Jobs API updates

Preview

This article discusses API updates that support the orchestration of multiple tasks using Databricks jobs, a feature in Public Preview. For information about creating, running, and managing single-task jobs using the generally-available Jobs API, see Jobs API.

You can now orchestrate multiple tasks with Databricks jobs. This article details changes to the Jobs API that support jobs with multiple tasks and provides guidance to help you update your existing API clients to work with this new feature.

This article refers to jobs defined with a single task as single-task format and jobs defined with multiple tasks as multi-task format.

Requirements

An administrator must enable support for jobs with multiple tasks in the Databricks admin console.

API changes

The Jobs API now defines the TaskSettings data structure to capture settings for each task in a job. For multi-task format jobs, the tasks field, an array of TaskSettings data structures, is included in JobSettings. Some fields previously part of JobSettings, for example, cluster specifications, are now part of the task settings for multi-task format jobs. JobSettings is also updated to include the format field. The format field indicates the format of the job and is a STRING value set to SINGLE_TASK or MULTI_TASK.

You need to update your existing API clients for these changes to JobSettings for multi-task format jobs. See the API client guide for more information on required changes.

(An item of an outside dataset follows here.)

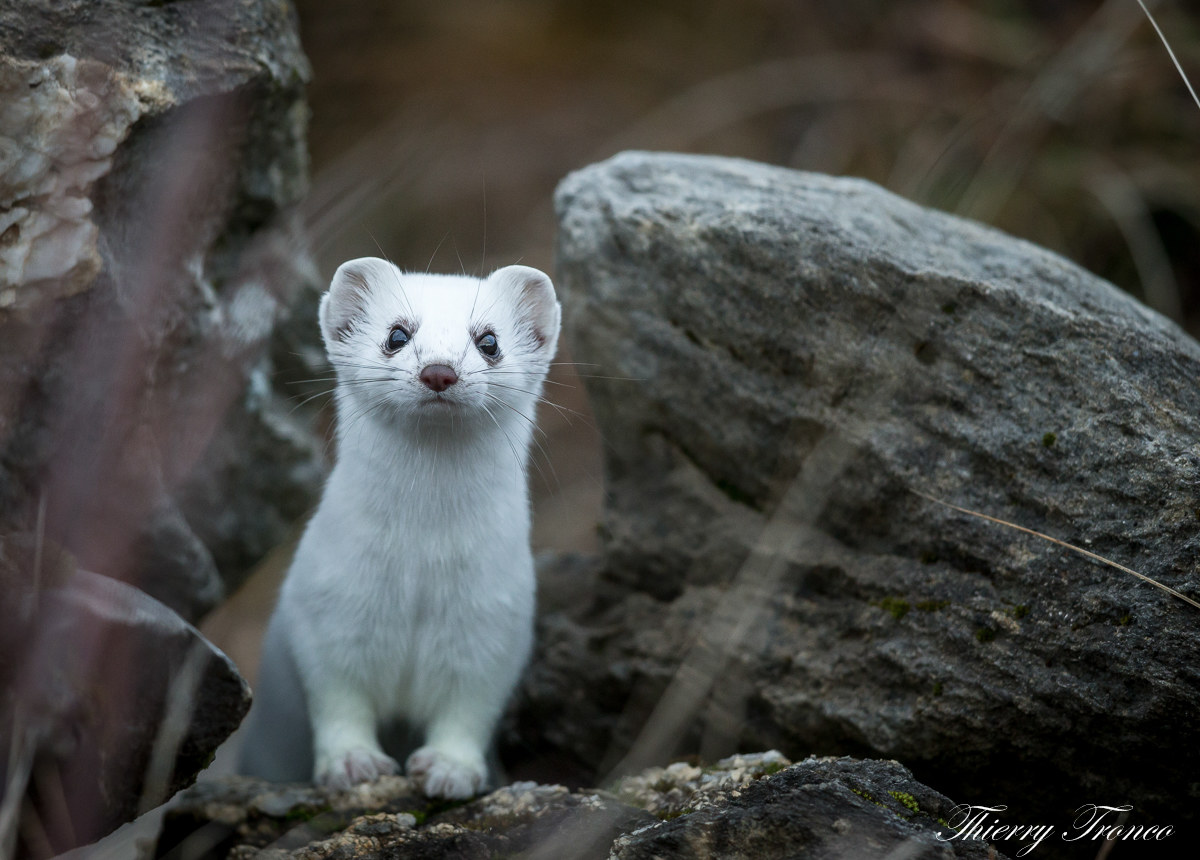 qualcuno sa quando nevicherà?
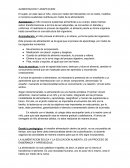 Alimetacion en el jardin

An example JSON document representing a multi-task format job:

{
  "job_id": 53,
  "settings": {
    "name": "A job with multiple tasks",
    "email_notifications": {},
    "timeout_seconds": 0,
    "max_concurrent_runs": 1,
    "tasks": [
      {
        "task_key": "clean_data",
        "description": "Clean and prepare the data",
        "notebook_task": {
          "notebook_path": "/Users/user@databricks.com/clean-data"
        },
        "existing_cluster_id": "1201-my-cluster",
        "max_retries": 3,
        "min_retry_interval_millis": 0,
        "retry_on_timeout": true,
        "timeout_seconds": 3600,
        "email_notifications": {}
      },
      {
        "task_key": "analyze_data",
        "description": "Perform an analysis of the data",
        "notebook_task": {
          "notebook_path": "/Users/user@databricks.com/analyze-data"
        },
        "depends_on": [
          {
            "task_key": "clean_data"
          }
        ],
        "existing_cluster_id": "1201-my-cluster",
        "max_retries": 3,
        "min_retry_interval_millis": 0,
        "retry_on_timeout": true,
        "timeout_seconds": 3600,
        "email_notifications": {}
      }
    ],
    "format": "MULTI_TASK"
  },
  "created_time": 1625841911296,
  "creator_user_name": "user@databricks.com",
  "run_as_user_name": "user@databricks.com"
}

For single-task format jobs, the JobSettings data structure remains unchanged except for the addition of the format field. No TaskSettings array is included, and the task settings remain defined at the top level of the JobSettings data structure. You will not need to make changes to your existing API clients to process single-task format jobs.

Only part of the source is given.